Истории создания мультфильмов (экспликации, как и название выставки «Снег на траве», взяты из двухтомного сборника лекций Норштейна, ставшего библией для современных мультипликаторов) вроде бы и отдельный сюжет выставки, но в этом зале он ловко переплетен с живописным и графическим творчеством обоих. При этом антураж и все то, что выражено ахматовским «когда б вы знали, из какого сора растут стихи, не ведая стыда», подчеркнутая рукотворность экспозиции и самих экспонатов переносят в то удивительное время, которое принято называть застоем.

Это ведь, как ни странно, оно, с его запретами и закрытостью страны, в определенной мере позволило художникам распознать в себе мультипликаторов. И в отличие от многих художников неофициального круга, вынужденных разрываться между официальной работой книжными иллюстраторами и «свободным» творчеством, паре Норштейн—Ярбусова удалось не просто сохранить творческую цельность, но и открыть анимацию совершенно новым смыслам, каким-то чудом обойдя идеологические установки.
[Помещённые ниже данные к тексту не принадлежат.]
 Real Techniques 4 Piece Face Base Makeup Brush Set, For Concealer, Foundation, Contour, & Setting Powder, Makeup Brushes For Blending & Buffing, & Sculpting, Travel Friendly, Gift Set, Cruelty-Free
Одно дело — «Лиса и заяц» или «Цапля и журавль», все же созданные на основе привычных для мультипликации сказок с их «ложью-намеком-уроком». Совсем другое — «Ежик в тумане», где блуждания персонажа под стать Данте в «сумрачном лесу», да и большой вопрос, на этом или уже том свете в итоге встречаются Ежик с Медвежонком, чтобы считать звезды. (Примечательно, что на худсовете по мультфильму на вопрос о том, почему Норштейн взялся за работу по этой повести Сергея Козлова, он ответил именно цитатой из Данте: «Земную жизнь пройдя до половины…» — чем и убедил комиссию.) Или «Сказка сказок» — палимпсест воспоминаний и фантазий, с одной стороны, связанных с личной и даже советской жизнью, а с другой — под музыку Баха и Моцарта уносящих далеко от нее.

Норштейну удалось повернуть мультипликацию к взрослой аудитории, к серьезной литературе, к особому переживанию жизни, будто не различающему реальное и воображаемое, к новым рукотворным техникам создания фильмов (им посвящен отдельный раздел), да еще научить всему этому новые поколения российских режиссеров: «Оскар» Александра Петрова за «Старика и море» — во многом заслуга учителя. Для зрителя фильмы Норштейна и Ярбусовой — сами по себе чудо, но оказалось, что и погружение во все подробности того, как эта чудесность создавалась, совершенно ее не умаляет.